Banks had engravings of the finished Parkinson illustrations made on copper plates. His intention was to publish the botanical results of the Endeavour voyage in a series of fourteen or more volumes, with text to accompany the illustrations. Solander had made his descriptions of each plant on oblong pieces of paper during the voyage and these were filed in small boxes, now known as "Solander cases". The descriptions were neatly copied after the voyage into folio volumes and marked ready for printing. Joseph Banks employed eighteen different engravers to make the set of about 740 engravings. It has not been possible to determine whether the engravings, which have strong lines and lack the delicacy of many French engravings (compare Plates 4 to 7 with Plates 9 to 12) were to have been hand coloured after printing.

Joseph Banks, who was made a baronet in 1781, was a man of many activities and had been away on his expedition to Iceland during the last half of 1772. It was not until November 1784 that he was able to state that only two months' work was needed before publication. The copperPlate engravings alone had cost him £7,000, a huge sum then. Trial proofs were made but publication did not eventuate. The New Zealand portion, entitled Primitiae Florae Novae-Zelandiae, contained descriptions of 343 species, illustrated by over 200 plates. Even the title page had been prepared. Had the manuscript been published, we would now be using Banks's and Solander's names for many New Zealand plants. A number of later botanists did, however, use some of the names suggested by Banks and Solander. There are typescript copies of Primitiae Florae Novae-Zelandiae in the Auckland Institute and Museum and in the National Museum, Wellington.

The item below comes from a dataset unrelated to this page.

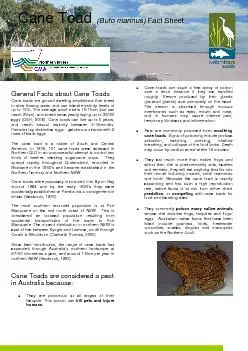 Cane Toad (Bufo marinus) Fact Sheet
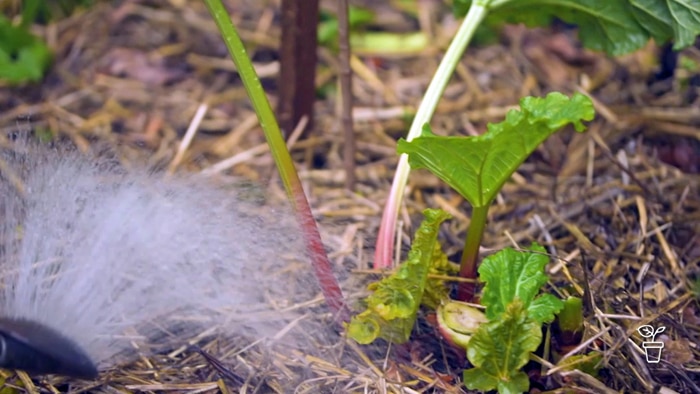 Vegetable plants growing in the ground being watered.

In the 1890s several sets of proofs of the engravings were received by the New Zealand Government from the British Museum. They included 182 New Zealand plants and several hundred from elsewhere. These sets are now at the Auckland Institute and Museum, the National Museum and the Alexander Turnbull Library, Wellington. In 1973 a limited edition of thirty of the botanical engravings, including some of New Zealand plants, was published (Blunt and Stearn, 1973).